Es una consecuencia directa de la estrategia nacional de mantener el dominio sobre asuntos que se regulan solo cuando hay resultados productivos que se traducen en incrementos de la oferta
Al menos tres de los 12 mercados visitados en una barriada habanera por un periodista de Diario de Cuba tenían cerradas sus áreas de venta de productos agrícolas, y otros siete mostraban una escasa oferta.
El hecho, a simple vista, parece ser el primer efecto de las medidas adoptadas por el régimen de fijar precios máximos a viandas, hortalizas, frutas y granos que se venden bajo control estatal, una estrategia que, según la propuesta oficialista, busca “proteger” a los sectores más desfavorecidos de la sociedad cubana.
Uno de los testimonios publicados por Diario de Cuba evidencia la doble moral que opera en la isla en cualquiera de las esferas de la vida económica, política o social. Un vendedor de un establecimiento que parecía tener a la venta solo boniato (sweet potato) le comentó al reportero: "Si quiere algo así como ajos, cebollas…, tengo en el almacén".
El hecho lo justifica porque “pagamos dinero por la mayoría de la oferta, ahora fijaron precios y, si vendemos por los nuevos precios, perdemos, además de no poder justificar el origen de las mercancías".
Porque tal como reconoce Diario de Cuba, es un secreto a voces que la enorme red estatal —en La Habana abarca 332 agromercados— se abastece a escondidas de los mismos intermediarios que surten los mercados de libre oferta-demanda, los cuales no están obligados a cumplir las nuevas resoluciones del Ministerio de Finanzas y Precios.
Es una consecuencia directa de la estrategia nacional de mantener el dominio sobre asuntos que se regulan "automáticamente" cuando hay resultados productivos que se traducen en incrementos de la oferta. Solo entonces, cuando haya más para comprar que lo que se necesita para sobrevivir, los precios bajarán por sí solos. Pero estimular la producción sigue siendo asignatura pendiente en La Mayor de las Antillas.
Mientras eso no suceda, la realidad que se encontró el reportero de Diario de Cuba en uno de los establecimientos, supuestamente atendido por la Cooperativa de Créditos y Servicios Fructuoso Rodríguez, en Belascoaín y Benjumeda, en la capital cubana, pasará a ser, de excepción, la regla. Días atrás ofrecía una variada y diversa lista de productos y ahora solo oferta rastrojos de malanga y boniato.

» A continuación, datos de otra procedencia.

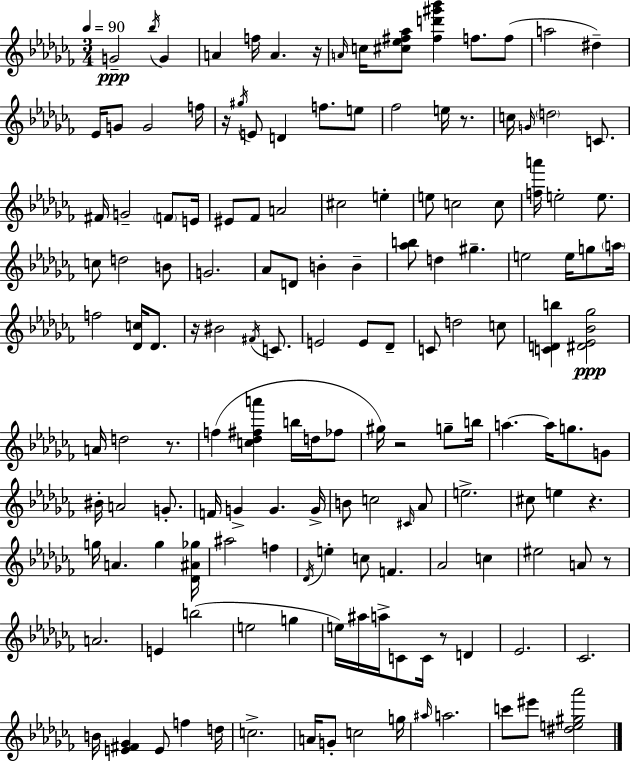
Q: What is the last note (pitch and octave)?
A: EIS6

En contraste, en aquellas unidades donde se rentan tarimas a los vendedores independientes, el cubano común puede acercarse a cebollas hermosas, plátanos listos para la sartén, coles frescas, boniatos y malangas de buena calidad, pero con precios muy por encima de las cifras topadas de la actual implementación ministerial.
Y lo peor es que el tema no es nuevo. Es recurrente, y los cubanos lo saben: "Por esta experiencia hemos pasado dos y tres veces. ¿Recuerdan la redada contra los macetas, cuando abrieron por primera vez los mercados libres en los años 80? Terminó con la operación del MININT 'Pitirre en el alambre', Fidel en persona liquidó aquellos mercados", dijo alguien que prefirió no identificarse.

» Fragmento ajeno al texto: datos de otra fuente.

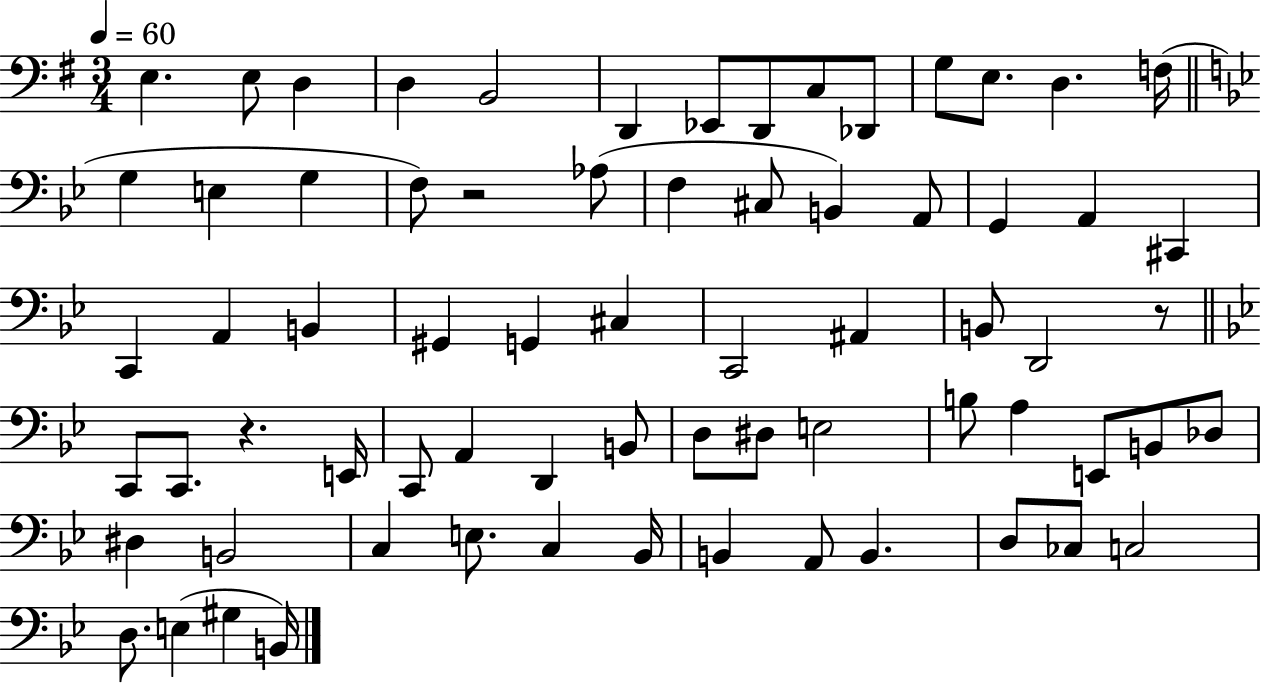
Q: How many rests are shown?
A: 3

Según reportes de la prensa oficial que cita Diario de Cuba, un funcionario del ministerio de la Agricultura en la isla aseguró tener contratado el 49% de la producción en el país, cifra que no ofrece mucha garantía cuando se conoce del desabastecimiento y la crisis que padece la economía cubana.

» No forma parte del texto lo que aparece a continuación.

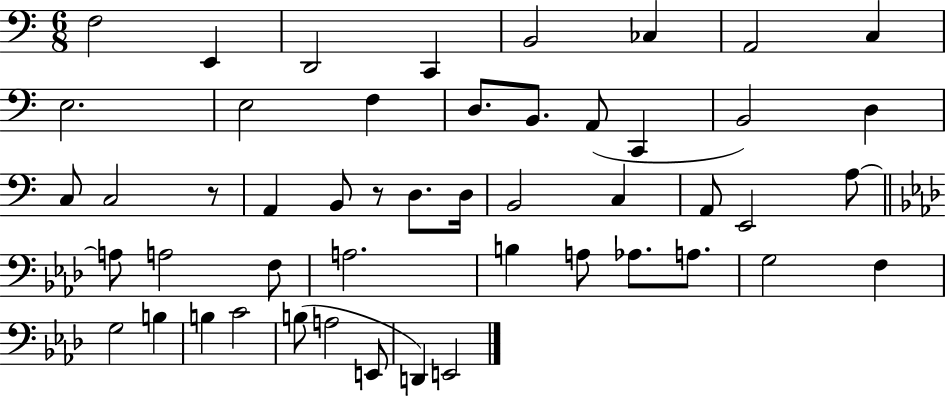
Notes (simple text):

F3/h E2/q D2/h C2/q B2/h CES3/q A2/h C3/q E3/h. E3/h F3/q D3/e. B2/e. A2/e C2/q B2/h D3/q C3/e C3/h R/e A2/q B2/e R/e D3/e. D3/s B2/h C3/q A2/e E2/h A3/e A3/e A3/h F3/e A3/h. B3/q A3/e Ab3/e. A3/e. G3/h F3/q G3/h B3/q B3/q C4/h B3/e A3/h E2/e D2/q E2/h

Con esas “cantidades” no se consigue que regresen a los mostradores de los establecimientos los productos que, luego de topárseles el precio, han desaparecido, como tampoco regresarán las ventajas en ingresos que hasta ahora recibían los trabajadores de esas instalaciones.
Queda por ver qué sucederá con este nuevo episodio en el que el Estado asume la total responsabilidad del abastecimiento de los mercados agropecuarios. Al parecer la propia prensa oficialista se imagina el desenlace.
Tal vez por ello, como refiere Diario de Cuba, el propio órgano oficial del partido comunista, única opción política en la isla, vaticinó sin otro remedio que se repetiría nuevamente el "síndrome de la 'escoba nueva', que solo funciona al inicio y luego los viejos problemas regresan a sus puestos de siempre".